My system has a number of history tables that would give the date that a value has changed.
I found a very close analogue to this in Adventure works looking up products and seeing what the most recent value was as of a certain date.
I can think of two ways to do this:
declare @ReportingDate DATE = '9/7/2004'
-- Method 1
SELECT
Name
,ReportDate = @ReportingDate
,MostRecentOrderDetailId = (SELECT TOP 1 SalesOrderDetailId FROM sales.SalesOrderDetail SalesOrderDetail WHERE SalesOrderDetail.ProductID = Product.ProductID AND SalesOrderDetail.ModifiedDate <= @ReportingDate ORDER BY ModifiedDate DESC)
FROM Production.Product Product
-- Method 2
SELECT
Name
,ReportDate = @ReportingDate
,MostRecent.MostRecentOrderDetailId
FROM Production.Product Product
OUTER APPLY (SELECT TOP 1 MostRecentOrderDetailId = SalesOrderDetailId FROM sales.SalesOrderDetail SalesOrderDetail WHERE SalesOrderDetail.ProductID = Product.ProductID AND SalesOrderDetail.ModifiedDate <= @ReportingDate ORDER BY ModifiedDate DESC) MostRecent
Both produce a near identical query plan. Method 2 would be a clear winner of the two if I wanted to retrieve more than a single value from the detail table (say price and quantity).
Is there a better way to do this overall without refactoring how the data is stored?
Best performance I can think of would be to have a daily reporting table that precalculates the requested values cross applied with a dates table to give the value for every date. Then it would be a simple join rather than a subquery/cross apply.
Even using a reporting table (DailySalesOrderDetail), these queries need to be optimized because they'll be needed to recalculate the the reporting whenever the SalesOrderDetail table changes.
IF OBJECT_ID('tempdb..#DailyOrderDetail') IS NOT NULL DROP TABLE #DailyOrderDetail
SELECT DateFull, Name, MostRecentOrderDetailId
INTO #DailyOrderDetail
FROM edimain.dbo.DateLookup
CROSS APPLY (SELECT
Name
,MostRecentOrderDetailId = (SELECT TOP 1 SalesOrderDetailId FROM sales.SalesOrderDetail SalesOrderDetail WHERE SalesOrderDetail.ProductID = Product.ProductID AND SalesOrderDetail.ModifiedDate <= DateFull ORDER BY ModifiedDate DESC)
FROM Production.Product Product) MostRecent
WHERE DateFull BETWEEN '1/1/2002' and '1/1/2005'
CREATE NONCLUSTERED INDEX IX_DailyOrderDetail_DateFull
ON #DailyOrderDetail ([DateFull])
INCLUDE ([Name],[MostRecentOrderDetailId])
declare @ReportingDate DATE = '9/7/2004'
-- Method 3
SELECT
d.Name
,ReportDate = @ReportingDate
,MostRecentOrderDetailId = d.MostRecentOrderDetailId
FROM Production.Product Product
INNER JOIN #DailyOrderDetail D on D.DateFull = @ReportingDate AND D.Name = Product.Name
Given the reporting table already existing, Method 3 (just a join to a denormalized reporting table) doesn't even register as a single percentage point in comparison to Method 1 and Method 2.
So if I could get Method 1 or Method 2 optimized further, that would be an interesting exercise. My application uses it quite a bit an it would be useful for optimizing a reporting table to use Method 3 as well.
Is there a term for what sort of query this is?

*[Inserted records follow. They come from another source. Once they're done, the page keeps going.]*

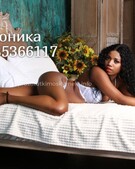 Анкета проститутки Оксана - метро Куркино, возраст - 21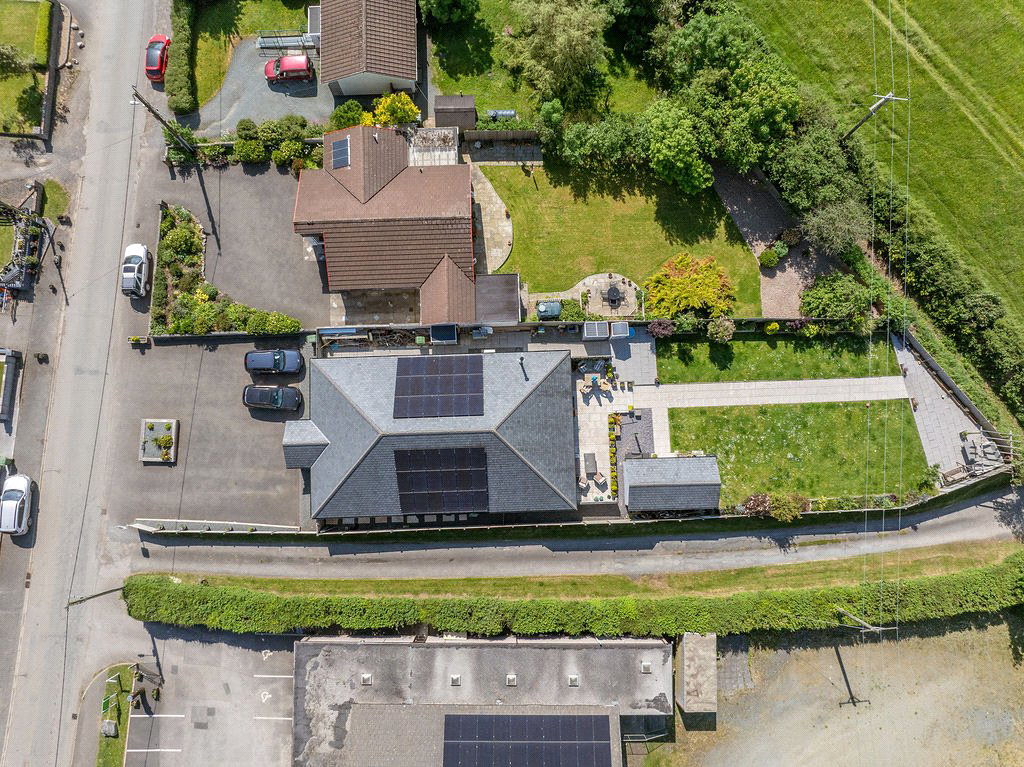 Derriton Road, Pyworthy, Holsworthy, Devon, EX22, photo 35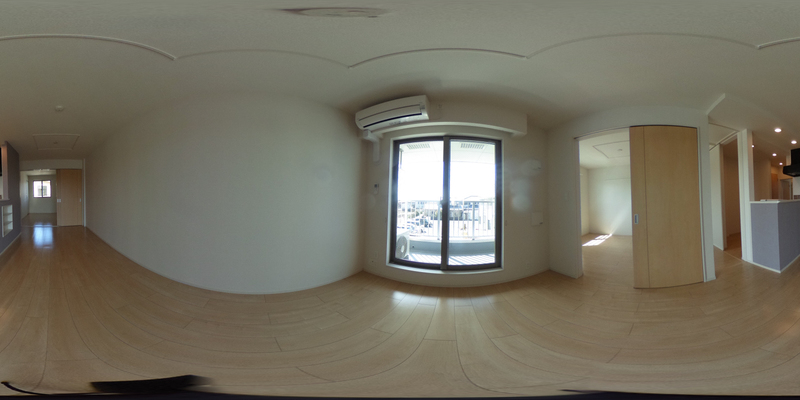 写真33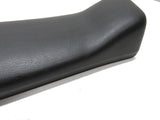 02-07 Subaru Impreza WRX or STI Driver Lower B Pillar Panel LH Trim 2002-2007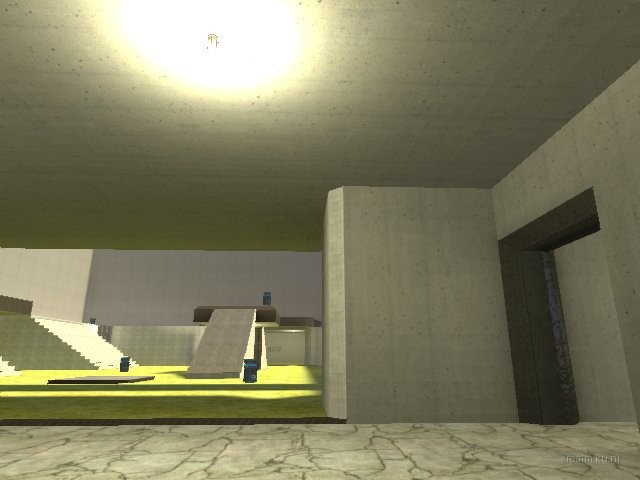 asc_mp_killbox2_v11 thumb 11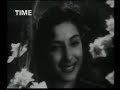 +1 RT @calamur: one of the best late night songs ever . Manna De & Lata - Aaja Sanam Madhur Chandni Mein Hum.flv: http://t.co/OhXuabRx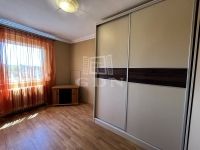 Nagykáta Családi ház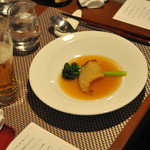 中国料理 竜苑 - 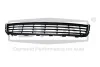 Решетка переднего бампера центральная VW Golf (08-13) (88531777302) DPA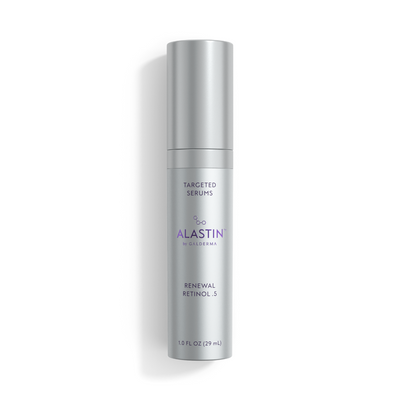 ALASTIN Skincare Renewal Retinol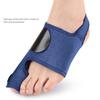 Thumb Valgus Adjuster Bunion Corrector Brace Bunion Protector Toe Separators  Outdoor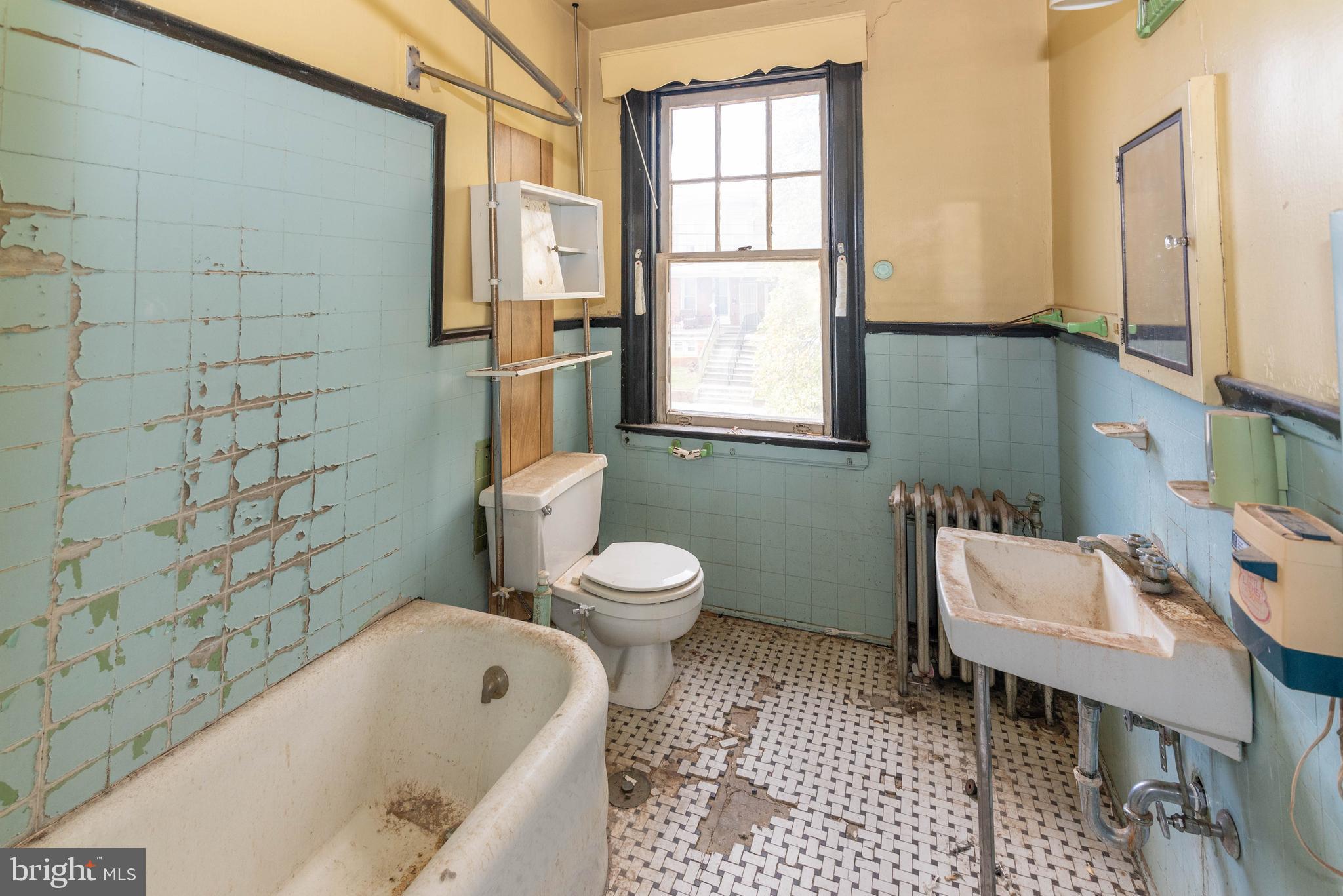 4403 Old York Road Baltimore, MD 21212 - Photo 17 of 36 Gallery Image 17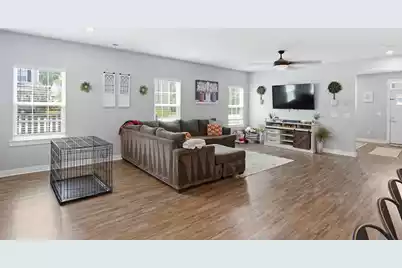 109 Goose Road, Summerville, SC 29483 - Photo 7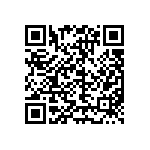 9C12063A9763FKHFT QRCode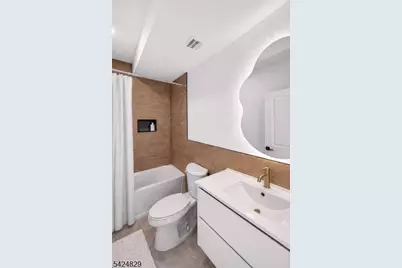 262 Hunterdon St #1, Newark, NJ 07103 - Photo 10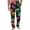 Red_003, variant on Domuza Halloween Pajamas for Men Casual Drawstring Elastic Waist Funny Spooky Print Pj Pants Relaxed Fit Cute Wide Leg Lounge Sleepwear 3XL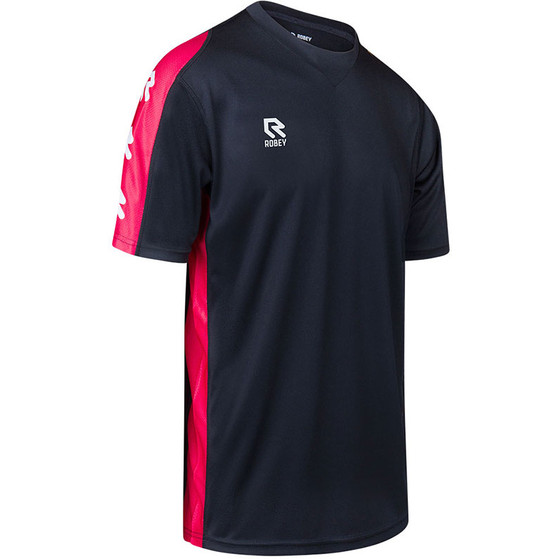 Robey Performance Training Shirt Kids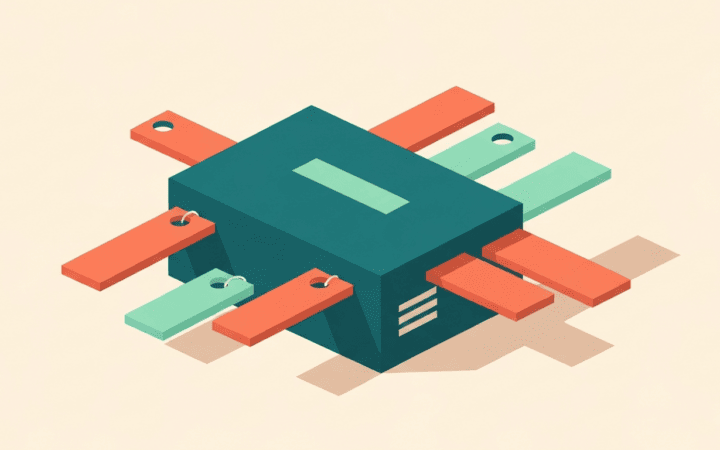 How to Set Up Product Variants and Options Correctly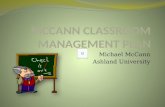 Classroom management mjm ppt3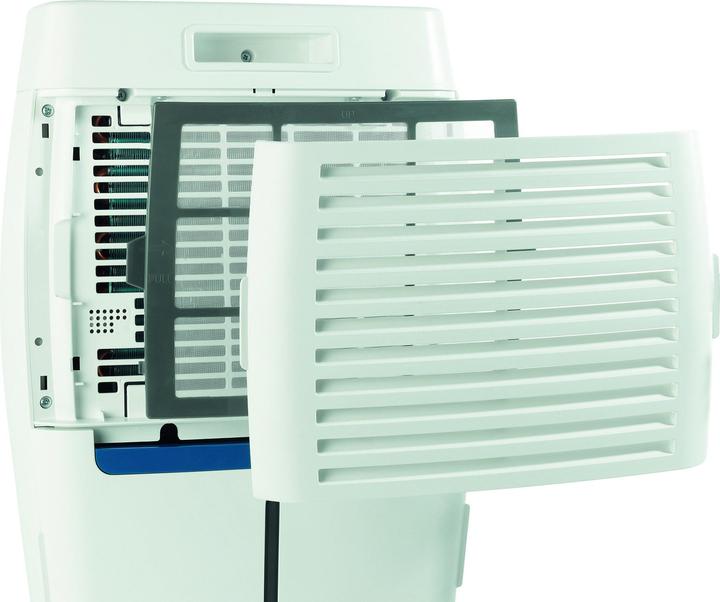 Produktbild Stylies Pavo (40 m², 12 l/24h)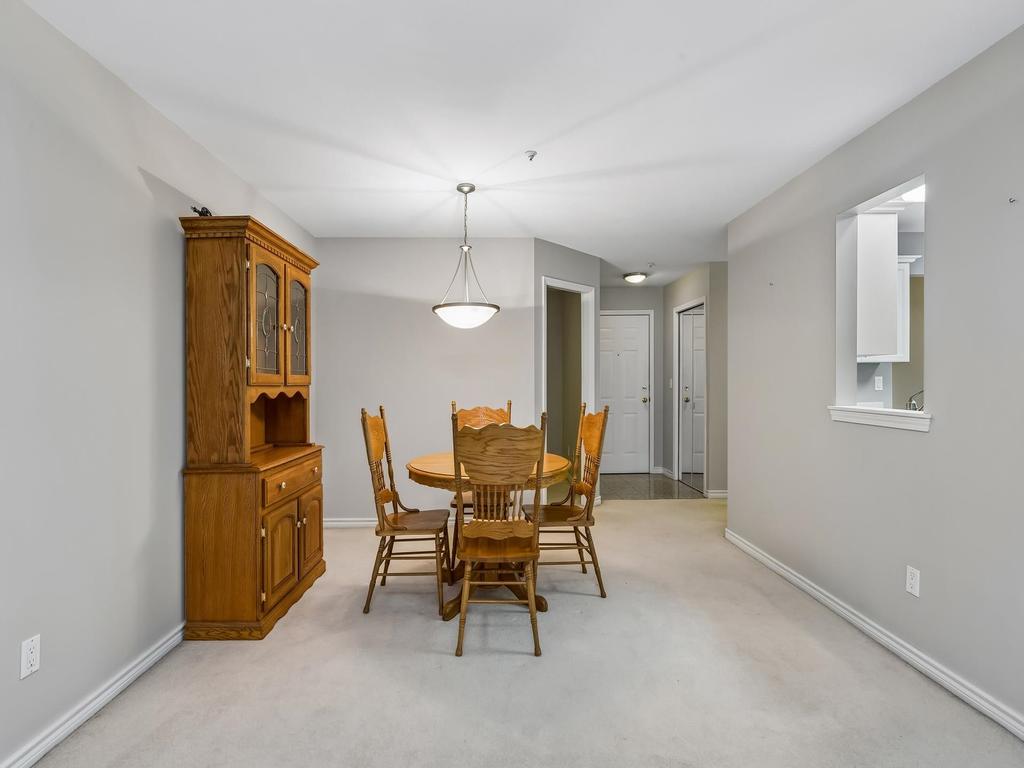 Listing Image for R3138012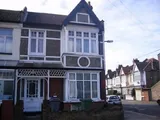 St Johns Road, WEMBLEY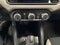 2022 Nissan Versa 1.6 Advance At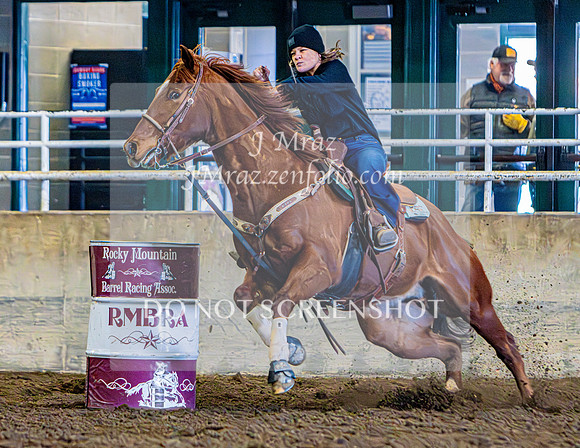 RMBRA- Feb102024-124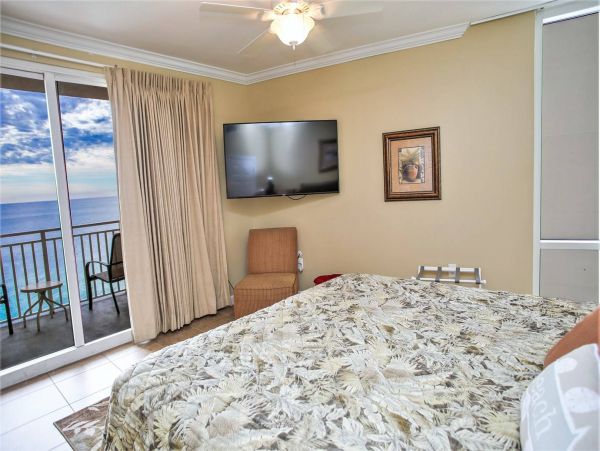 Panama City Beach Home 982165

Viewing 9 posts - 1 through 8 (of 8 total)

You must be logged in to reply to this topic. Login to reply

TheSQLGuru SSC Guru Points: 134017 More actions · Answer 1

tl;dr

1) I think pre-aggregated data will always smoke real-time queries 🙂

2) since you are on SQL 2012, have a look at LAST_VALUE. It might be a better option than your TOP 1 subquery. NOTE: the default window clause (RANGE BETEEN...) is HORRIBLY inefficient currently. Be sure to use ROWS BETWEEN...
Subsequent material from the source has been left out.